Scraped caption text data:
-.-.-

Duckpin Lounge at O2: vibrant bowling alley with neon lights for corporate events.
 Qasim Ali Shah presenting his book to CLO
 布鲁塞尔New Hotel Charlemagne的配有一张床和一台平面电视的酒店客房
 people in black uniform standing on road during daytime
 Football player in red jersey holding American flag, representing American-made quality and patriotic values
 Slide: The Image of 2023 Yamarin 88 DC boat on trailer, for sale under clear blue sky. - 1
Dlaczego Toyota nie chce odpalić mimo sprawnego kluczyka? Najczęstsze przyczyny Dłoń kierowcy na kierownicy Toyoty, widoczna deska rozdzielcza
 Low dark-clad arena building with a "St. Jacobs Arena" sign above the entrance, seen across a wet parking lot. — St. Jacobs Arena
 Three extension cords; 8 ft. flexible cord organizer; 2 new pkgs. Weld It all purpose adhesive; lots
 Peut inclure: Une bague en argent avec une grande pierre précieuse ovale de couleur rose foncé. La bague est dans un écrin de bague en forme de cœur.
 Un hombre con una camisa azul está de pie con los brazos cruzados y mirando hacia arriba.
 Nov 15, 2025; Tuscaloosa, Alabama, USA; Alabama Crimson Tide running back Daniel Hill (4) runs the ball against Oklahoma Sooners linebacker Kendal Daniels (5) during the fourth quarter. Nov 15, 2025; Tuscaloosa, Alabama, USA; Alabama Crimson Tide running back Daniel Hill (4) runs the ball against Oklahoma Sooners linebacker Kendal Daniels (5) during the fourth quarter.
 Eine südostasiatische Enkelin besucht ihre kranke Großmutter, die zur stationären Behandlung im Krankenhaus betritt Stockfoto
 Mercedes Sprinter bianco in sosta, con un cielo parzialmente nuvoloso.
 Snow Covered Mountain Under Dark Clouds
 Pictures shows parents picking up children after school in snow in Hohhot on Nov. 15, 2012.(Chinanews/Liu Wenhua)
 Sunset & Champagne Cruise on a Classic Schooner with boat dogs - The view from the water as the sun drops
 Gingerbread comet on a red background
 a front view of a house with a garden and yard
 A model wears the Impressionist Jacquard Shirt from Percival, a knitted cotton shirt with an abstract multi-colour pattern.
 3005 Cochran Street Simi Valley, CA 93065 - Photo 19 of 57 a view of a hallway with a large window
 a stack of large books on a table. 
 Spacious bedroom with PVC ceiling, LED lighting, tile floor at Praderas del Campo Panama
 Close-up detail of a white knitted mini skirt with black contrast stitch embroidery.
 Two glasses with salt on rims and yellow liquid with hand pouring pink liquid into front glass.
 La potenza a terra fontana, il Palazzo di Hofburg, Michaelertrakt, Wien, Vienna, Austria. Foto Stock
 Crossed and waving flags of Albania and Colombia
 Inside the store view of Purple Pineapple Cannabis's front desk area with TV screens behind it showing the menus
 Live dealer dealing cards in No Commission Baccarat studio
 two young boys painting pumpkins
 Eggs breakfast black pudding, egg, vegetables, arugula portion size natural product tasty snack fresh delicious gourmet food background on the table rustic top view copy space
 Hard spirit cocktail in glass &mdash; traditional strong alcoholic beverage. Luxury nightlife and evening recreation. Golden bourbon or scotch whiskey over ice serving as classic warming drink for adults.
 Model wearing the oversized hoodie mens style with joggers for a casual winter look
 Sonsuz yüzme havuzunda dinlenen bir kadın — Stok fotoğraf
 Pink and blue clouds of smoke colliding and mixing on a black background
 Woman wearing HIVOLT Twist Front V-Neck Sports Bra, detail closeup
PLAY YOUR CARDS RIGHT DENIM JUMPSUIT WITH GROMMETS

-.-.-

> [Assignment] Could you report how many lines in the data above include the word "knitted"? Give the number and nothing more.

> [Output for this task] 2